I'm working on creating an e-comm products price comparison tool(in python) which is somewhat similar to camelcamelcamel.com, both for fun and profit. I'm facing the difficult when I want to match the identical items from the list that I gathered from various websites using a search term. I'm using Cosine similarity and thinking of using Levenshtein's Algorithm for product matching, to match the titles of the various items against each other to find the identical items.

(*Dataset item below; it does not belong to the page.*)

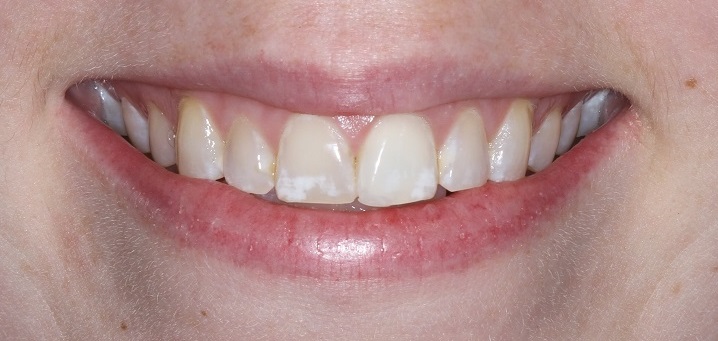 Teeth can be repaired cosmetically with Porcelain Veneers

For example, I have the following items and their price values as,
title: "Apple MacBook Air MMGF2HN/A 13.3-inch Laptop (Core i5/8GB/128GB/Mac OS X/Integrated Graphics)",
title: "Apple MacBook Air MMGF2HN/A 13.3-inch Laptop (Core i5/8GB/128GB/Mac OS X/Integrated Graphics) cover",
title: "Apple Macbook Air MMGF2HNA Notebook (Intel Core i5- 8GB RAM- 128GB SSD- 33.78 cm(13.3)- OS X El Capitan) (Silver)"
// product title and price
cosine(product_0 * product_1) = 0.973328526785
cosine(product_0 * product_2) = 0.50251890763
You could train word2vec on the product titles. Resulting code would look something like this when using the Python word2vec wrapper and slightly different but similar when using Gensim's model.word2vec:
indexes, metrics = model.cosine(normalized_phrase) model.generate_response(indexes, metrics)
The generated response will be the title vectors sorted by descending cosine similarity.